Primary 6 PSLE Mathematics Quiz - Fractions

Name: ___________________________ Class: __________ Date: __________

Duration: 45 minutes

Total Marks: 40 marks

Instructions:

Answer all questions.
Show your working clearly in the spaces provided.
Write your answers in the simplest form.
For questions requiring units, include them in your answer.

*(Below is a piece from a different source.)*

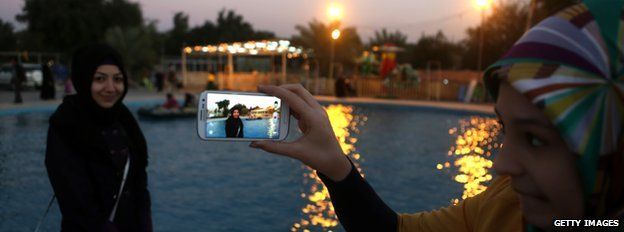 Iraqi woman uses her mobile phone to take a picture of her friend at an amusement park in Baghdad's Abu Nuwas street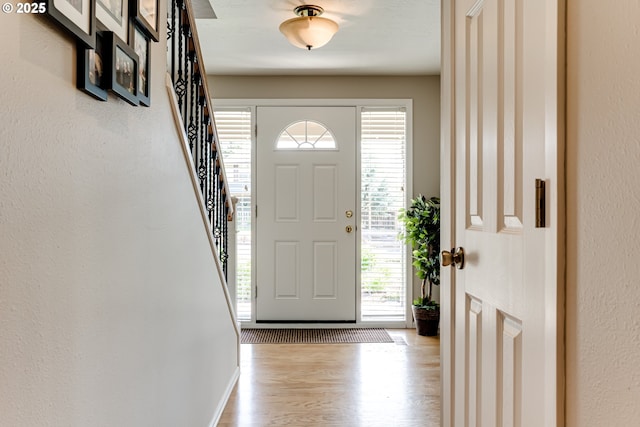 entrance foyer with a wealth of natural light, wood finished floors, and stairway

Section A: Direct Computation (Questions 1–8)

8 questions | 8 marks

1. Calculate: $\frac{3}{4} \div 6$

Answer: ________________

[1 mark]

2. Calculate: $5 \div \frac{2}{3}$

Answer: ________________

[1 mark]

3. Calculate: $\frac{5}{8} \div \frac{1}{4}$

Answer: ________________

[1 mark]

4. Simplify: $\frac{7}{9} \times \frac{3}{14} \div \frac{1}{6}$

Answer: ________________

[1 mark]

5. Find the value of: $\frac{2}{5} + \frac{3}{4} \times \frac{2}{9}$

Answer: ________________

[1 mark]

6. Arrange the following fractions in ascending order: $\frac{3}{5}$ , $\frac{5}{8}$ , $\frac{7}{12}$

Answer: ________________

[1 mark]

7. What is $\frac{4}{7}$ of $\frac{21}{16}$ ?

Answer: ________________

[1 mark]

8. Express $\frac{18}{24}$ as a fraction with denominator 32.

Answer: ________________

[1 mark]

Section B: Problem Solving (Questions 9–15)

7 questions | 14 marks

9. A baker had $\frac{3}{4}$ kg of flour. She used $\frac{2}{5}$ of it to make cakes. How much flour did she use? Give your answer in kilograms.

Working:

Answer: ________________ kg [2 marks]

10. Raj had 480 stickers. He gave $\frac{5}{8}$ of them to his sister and $\frac{1}{3}$ of the remainder to his cousin. How many stickers did he have left?

Working:

Answer: ________________ stickers [2 marks]

11. A tank was $\frac{5}{6}$ full of water. After 18 litres of water were poured out, it was $\frac{2}{3}$ full. How many litres of water could the tank hold when completely full?

Working:

Answer: ________________ litres [2 marks]

12. Mdm Tan spent $\frac{2}{5}$ of her money on groceries and $\frac{1}{4}$ of the remainder on transport. She had $72 left. How much money did she have at first?

Working:

Answer: $ ________________ [2 marks]

13. Peter and John had 360 marbles altogether. Peter had $\frac{3}{5}$ as many marbles as John. How many marbles did Peter have?

Working:

Answer: ________________ marbles [2 marks]

14. A ribbon was 2 $\frac{1}{4}$ m long. It was cut into pieces, each measuring $\frac{3}{8}$ m. What is the maximum number of such pieces that can be obtained? How much ribbon is left over?

Working:

Answer: ________________ pieces, ________________ m left [2 marks]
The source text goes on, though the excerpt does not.